WHAT IS EXPECTED =
Using the data beneath this instruction, retype only the lines from the one that contains "婴儿手上经常起湿疹能不能治愈(图3)" down to the one that contains "USED 2011 11", both included, exactly as they appear.

Short text fragments from websites
########

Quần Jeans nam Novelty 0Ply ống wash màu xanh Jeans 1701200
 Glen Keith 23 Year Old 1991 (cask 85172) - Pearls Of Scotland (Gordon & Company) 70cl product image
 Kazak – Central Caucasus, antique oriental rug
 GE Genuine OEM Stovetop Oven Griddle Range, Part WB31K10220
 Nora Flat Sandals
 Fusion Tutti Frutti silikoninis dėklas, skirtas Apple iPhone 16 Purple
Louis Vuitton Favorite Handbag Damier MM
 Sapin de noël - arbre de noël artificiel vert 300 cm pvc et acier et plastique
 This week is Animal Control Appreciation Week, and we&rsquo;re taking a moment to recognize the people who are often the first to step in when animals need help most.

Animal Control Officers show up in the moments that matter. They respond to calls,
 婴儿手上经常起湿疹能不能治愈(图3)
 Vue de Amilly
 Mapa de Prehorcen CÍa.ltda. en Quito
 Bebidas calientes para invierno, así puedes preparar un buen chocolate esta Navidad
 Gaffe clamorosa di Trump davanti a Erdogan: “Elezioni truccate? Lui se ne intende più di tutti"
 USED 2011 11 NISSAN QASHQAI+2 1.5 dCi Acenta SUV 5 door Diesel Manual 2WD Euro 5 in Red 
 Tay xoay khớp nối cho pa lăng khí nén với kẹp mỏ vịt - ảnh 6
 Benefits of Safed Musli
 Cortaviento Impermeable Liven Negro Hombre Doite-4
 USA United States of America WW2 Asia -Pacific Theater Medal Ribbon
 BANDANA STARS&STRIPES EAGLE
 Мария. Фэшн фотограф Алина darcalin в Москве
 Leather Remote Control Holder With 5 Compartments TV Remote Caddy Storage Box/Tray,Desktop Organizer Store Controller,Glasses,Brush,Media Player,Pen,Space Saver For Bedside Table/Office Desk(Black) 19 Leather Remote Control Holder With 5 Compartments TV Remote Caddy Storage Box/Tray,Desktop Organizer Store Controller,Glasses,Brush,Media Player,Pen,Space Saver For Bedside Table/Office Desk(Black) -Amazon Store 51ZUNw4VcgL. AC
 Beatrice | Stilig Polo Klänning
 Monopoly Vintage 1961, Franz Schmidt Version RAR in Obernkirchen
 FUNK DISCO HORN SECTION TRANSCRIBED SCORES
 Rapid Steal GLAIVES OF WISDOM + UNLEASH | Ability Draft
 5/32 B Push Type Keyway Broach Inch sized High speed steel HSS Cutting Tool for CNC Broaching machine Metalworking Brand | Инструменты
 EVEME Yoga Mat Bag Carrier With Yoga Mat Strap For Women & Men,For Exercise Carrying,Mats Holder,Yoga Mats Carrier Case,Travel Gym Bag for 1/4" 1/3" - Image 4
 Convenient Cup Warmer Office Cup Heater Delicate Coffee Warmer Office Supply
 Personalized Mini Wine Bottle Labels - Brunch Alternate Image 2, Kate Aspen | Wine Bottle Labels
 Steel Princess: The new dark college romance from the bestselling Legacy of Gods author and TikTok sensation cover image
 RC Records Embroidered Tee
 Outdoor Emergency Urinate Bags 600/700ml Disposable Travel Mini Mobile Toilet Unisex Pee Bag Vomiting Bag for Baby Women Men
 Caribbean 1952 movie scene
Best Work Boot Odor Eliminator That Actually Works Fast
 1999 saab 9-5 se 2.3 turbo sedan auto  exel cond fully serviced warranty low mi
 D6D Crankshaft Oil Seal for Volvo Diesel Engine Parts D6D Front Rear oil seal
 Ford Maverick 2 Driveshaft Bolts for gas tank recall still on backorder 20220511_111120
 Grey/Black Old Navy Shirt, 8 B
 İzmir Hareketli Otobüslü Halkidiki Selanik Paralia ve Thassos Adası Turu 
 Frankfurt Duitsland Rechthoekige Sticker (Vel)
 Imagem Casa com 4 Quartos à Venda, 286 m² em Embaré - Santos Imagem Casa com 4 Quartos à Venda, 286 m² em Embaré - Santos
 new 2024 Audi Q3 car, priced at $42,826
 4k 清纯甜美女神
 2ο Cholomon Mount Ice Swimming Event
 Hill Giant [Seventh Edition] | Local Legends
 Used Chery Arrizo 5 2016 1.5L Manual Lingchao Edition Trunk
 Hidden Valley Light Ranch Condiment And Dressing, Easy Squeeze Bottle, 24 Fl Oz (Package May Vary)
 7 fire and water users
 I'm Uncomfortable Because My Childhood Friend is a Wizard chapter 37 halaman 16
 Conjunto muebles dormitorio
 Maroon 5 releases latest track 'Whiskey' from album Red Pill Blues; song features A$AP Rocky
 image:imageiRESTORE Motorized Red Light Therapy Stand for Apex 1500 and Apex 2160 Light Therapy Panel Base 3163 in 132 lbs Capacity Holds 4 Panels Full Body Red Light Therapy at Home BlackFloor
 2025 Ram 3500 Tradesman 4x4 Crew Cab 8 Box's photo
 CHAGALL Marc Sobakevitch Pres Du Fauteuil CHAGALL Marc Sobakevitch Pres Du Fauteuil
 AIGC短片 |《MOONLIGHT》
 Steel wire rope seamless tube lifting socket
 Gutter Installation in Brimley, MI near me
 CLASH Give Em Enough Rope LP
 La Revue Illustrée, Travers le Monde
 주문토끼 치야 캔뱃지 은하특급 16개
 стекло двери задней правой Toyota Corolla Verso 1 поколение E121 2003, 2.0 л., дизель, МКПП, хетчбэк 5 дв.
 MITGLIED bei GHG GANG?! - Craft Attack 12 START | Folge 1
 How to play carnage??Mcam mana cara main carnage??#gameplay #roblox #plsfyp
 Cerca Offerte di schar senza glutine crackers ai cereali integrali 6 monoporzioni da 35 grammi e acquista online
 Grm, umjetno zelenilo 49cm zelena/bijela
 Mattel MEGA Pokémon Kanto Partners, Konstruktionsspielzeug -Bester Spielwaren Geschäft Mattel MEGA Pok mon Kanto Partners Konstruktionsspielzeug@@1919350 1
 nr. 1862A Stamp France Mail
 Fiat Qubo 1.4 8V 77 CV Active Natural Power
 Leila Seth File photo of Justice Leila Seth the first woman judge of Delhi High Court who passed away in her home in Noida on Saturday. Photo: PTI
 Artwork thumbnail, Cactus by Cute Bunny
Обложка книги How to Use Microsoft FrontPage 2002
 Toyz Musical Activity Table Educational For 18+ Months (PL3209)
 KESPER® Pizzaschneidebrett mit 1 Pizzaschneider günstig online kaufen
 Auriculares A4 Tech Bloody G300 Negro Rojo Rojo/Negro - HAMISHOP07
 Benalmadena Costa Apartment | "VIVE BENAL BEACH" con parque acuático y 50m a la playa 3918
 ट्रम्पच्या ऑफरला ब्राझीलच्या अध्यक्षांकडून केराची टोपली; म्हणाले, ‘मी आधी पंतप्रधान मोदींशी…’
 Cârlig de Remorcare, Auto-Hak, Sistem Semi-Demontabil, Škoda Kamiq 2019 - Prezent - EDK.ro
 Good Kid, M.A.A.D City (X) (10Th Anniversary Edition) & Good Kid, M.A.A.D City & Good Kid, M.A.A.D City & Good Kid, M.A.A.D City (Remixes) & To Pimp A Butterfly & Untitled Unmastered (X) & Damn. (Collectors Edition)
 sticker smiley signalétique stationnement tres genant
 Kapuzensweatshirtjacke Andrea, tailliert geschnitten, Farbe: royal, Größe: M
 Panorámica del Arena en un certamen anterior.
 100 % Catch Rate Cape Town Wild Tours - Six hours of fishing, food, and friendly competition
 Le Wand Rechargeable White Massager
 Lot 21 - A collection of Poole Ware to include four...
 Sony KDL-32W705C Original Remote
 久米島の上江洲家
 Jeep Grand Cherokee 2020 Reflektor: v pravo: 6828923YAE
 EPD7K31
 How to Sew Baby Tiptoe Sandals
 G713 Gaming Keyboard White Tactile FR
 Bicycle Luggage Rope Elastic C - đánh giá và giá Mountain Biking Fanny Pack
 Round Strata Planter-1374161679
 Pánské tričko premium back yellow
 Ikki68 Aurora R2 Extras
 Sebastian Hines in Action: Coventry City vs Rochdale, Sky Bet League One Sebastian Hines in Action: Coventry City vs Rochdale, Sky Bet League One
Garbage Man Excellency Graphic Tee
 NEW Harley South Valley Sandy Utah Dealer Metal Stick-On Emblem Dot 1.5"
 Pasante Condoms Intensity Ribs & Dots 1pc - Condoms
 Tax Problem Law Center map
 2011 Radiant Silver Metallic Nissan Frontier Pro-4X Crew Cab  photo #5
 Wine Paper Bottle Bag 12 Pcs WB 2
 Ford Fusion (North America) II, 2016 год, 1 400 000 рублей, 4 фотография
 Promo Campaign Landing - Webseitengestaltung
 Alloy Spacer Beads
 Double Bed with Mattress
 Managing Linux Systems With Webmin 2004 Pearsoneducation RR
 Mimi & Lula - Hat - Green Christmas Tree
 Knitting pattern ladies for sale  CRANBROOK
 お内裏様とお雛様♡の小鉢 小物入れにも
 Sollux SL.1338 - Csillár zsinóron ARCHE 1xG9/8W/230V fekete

########

SOLUTION BELOW =
 婴儿手上经常起湿疹能不能治愈(图3)
 Vue de Amilly
 Mapa de Prehorcen CÍa.ltda. en Quito
 Bebidas calientes para invierno, así puedes preparar un buen chocolate esta Navidad
 Gaffe clamorosa di Trump davanti a Erdogan: “Elezioni truccate? Lui se ne intende più di tutti"
 USED 2011 11 NISSAN QASHQAI+2 1.5 dCi Acenta SUV 5 door Diesel Manual 2WD Euro 5 in Red 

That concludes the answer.